What is needed.
Every line of the listing that follows must be written out unchanged.

Start of Block

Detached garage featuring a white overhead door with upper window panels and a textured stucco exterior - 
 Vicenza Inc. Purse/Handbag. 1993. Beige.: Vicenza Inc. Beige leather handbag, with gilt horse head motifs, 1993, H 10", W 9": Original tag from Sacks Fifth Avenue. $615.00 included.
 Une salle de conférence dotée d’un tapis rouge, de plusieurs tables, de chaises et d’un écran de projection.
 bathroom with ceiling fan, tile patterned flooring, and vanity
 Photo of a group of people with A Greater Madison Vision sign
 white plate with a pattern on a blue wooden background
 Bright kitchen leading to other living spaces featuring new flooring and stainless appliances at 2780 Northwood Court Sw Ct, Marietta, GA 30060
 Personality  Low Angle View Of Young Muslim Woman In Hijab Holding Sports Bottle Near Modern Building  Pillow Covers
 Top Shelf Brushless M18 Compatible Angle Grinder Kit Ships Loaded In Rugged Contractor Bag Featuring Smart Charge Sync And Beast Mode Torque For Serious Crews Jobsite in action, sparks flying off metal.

End of Block

Answer below.
Detached garage featuring a white overhead door with upper window panels and a textured stucco exterior - 
 Vicenza Inc. Purse/Handbag. 1993. Beige.: Vicenza Inc. Beige leather handbag, with gilt horse head motifs, 1993, H 10", W 9": Original tag from Sacks Fifth Avenue. $615.00 included.
 Une salle de conférence dotée d’un tapis rouge, de plusieurs tables, de chaises et d’un écran de projection.
 bathroom with ceiling fan, tile patterned flooring, and vanity
 Photo of a group of people with A Greater Madison Vision sign
 white plate with a pattern on a blue wooden background
 Bright kitchen leading to other living spaces featuring new flooring and stainless appliances at 2780 Northwood Court Sw Ct, Marietta, GA 30060
 Personality  Low Angle View Of Young Muslim Woman In Hijab Holding Sports Bottle Near Modern Building  Pillow Covers
 Top Shelf Brushless M18 Compatible Angle Grinder Kit Ships Loaded In Rugged Contractor Bag Featuring Smart Charge Sync And Beast Mode Torque For Serious Crews Jobsite in action, sparks flying off metal.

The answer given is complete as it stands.